Instructions for the task: Which lines of the entries below run from the one holding "hiermee ook anderen uit dit te doen." to the one holding "EE.UU.-ELECCIONES: ¿Quiénes son", inclusive? Set down exactly those lines and no others.

Exercise input:
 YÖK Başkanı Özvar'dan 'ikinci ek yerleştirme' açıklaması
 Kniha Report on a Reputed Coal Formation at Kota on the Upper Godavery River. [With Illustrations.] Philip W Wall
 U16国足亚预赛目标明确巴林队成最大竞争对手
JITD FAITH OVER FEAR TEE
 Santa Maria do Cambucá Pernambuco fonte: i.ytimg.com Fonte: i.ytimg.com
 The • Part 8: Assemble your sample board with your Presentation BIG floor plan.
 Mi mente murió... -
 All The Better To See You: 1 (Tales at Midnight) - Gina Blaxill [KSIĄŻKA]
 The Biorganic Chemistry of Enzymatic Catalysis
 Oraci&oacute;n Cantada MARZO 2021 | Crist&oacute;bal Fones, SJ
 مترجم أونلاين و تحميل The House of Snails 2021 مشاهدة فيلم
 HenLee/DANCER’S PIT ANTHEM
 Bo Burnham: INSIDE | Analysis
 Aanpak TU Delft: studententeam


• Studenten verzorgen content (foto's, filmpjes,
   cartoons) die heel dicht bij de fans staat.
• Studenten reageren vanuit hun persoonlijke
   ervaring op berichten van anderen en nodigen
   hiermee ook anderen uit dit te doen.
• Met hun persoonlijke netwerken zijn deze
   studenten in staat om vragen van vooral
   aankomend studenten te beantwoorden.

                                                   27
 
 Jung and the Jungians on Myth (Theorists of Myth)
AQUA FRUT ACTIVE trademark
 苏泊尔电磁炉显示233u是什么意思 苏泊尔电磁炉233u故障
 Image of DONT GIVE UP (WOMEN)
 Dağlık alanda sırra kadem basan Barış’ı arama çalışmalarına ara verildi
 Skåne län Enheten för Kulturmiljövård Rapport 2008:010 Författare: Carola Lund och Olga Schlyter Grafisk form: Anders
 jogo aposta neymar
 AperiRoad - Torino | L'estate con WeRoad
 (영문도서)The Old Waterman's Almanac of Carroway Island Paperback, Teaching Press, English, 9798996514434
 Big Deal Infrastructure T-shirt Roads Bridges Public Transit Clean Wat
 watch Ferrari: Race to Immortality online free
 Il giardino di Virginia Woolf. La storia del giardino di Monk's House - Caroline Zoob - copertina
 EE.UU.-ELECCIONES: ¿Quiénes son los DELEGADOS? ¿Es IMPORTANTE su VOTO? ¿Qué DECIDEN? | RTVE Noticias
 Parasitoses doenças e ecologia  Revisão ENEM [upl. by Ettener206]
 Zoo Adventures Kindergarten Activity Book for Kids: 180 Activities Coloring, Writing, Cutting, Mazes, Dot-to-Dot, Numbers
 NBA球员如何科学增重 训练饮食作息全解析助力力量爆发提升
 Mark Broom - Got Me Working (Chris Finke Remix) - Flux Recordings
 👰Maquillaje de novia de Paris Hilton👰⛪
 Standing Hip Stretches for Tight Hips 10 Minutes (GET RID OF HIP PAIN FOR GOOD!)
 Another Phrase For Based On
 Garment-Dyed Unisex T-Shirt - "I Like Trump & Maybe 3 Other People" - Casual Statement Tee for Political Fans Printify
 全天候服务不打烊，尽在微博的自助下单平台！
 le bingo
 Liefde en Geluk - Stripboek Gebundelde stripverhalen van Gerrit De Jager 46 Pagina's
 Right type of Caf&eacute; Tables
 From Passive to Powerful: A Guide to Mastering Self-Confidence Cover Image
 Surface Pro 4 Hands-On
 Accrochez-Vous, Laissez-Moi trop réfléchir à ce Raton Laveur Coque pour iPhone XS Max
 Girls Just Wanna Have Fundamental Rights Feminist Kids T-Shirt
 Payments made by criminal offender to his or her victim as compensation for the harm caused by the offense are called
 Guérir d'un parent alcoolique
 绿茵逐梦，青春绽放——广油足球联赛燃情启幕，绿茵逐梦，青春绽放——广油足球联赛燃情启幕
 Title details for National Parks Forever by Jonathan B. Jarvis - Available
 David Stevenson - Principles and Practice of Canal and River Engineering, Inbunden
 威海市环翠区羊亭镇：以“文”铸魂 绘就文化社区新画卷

Result of the exercise:
   hiermee ook anderen uit dit te doen.
• Met hun persoonlijke netwerken zijn deze
   studenten in staat om vragen van vooral
   aankomend studenten te beantwoorden.

                                                   27
 
 Jung and the Jungians on Myth (Theorists of Myth)
AQUA FRUT ACTIVE trademark
 苏泊尔电磁炉显示233u是什么意思 苏泊尔电磁炉233u故障
 Image of DONT GIVE UP (WOMEN)
 Dağlık alanda sırra kadem basan Barış’ı arama çalışmalarına ara verildi
 Skåne län Enheten för Kulturmiljövård Rapport 2008:010 Författare: Carola Lund och Olga Schlyter Grafisk form: Anders
 jogo aposta neymar
 AperiRoad - Torino | L'estate con WeRoad
 (영문도서)The Old Waterman's Almanac of Carroway Island Paperback, Teaching Press, English, 9798996514434
 Big Deal Infrastructure T-shirt Roads Bridges Public Transit Clean Wat
 watch Ferrari: Race to Immortality online free
 Il giardino di Virginia Woolf. La storia del giardino di Monk's House - Caroline Zoob - copertina
 EE.UU.-ELECCIONES: ¿Quiénes son los DELEGADOS? ¿Es IMPORTANTE su VOTO? ¿Qué DECIDEN? | RTVE Noticias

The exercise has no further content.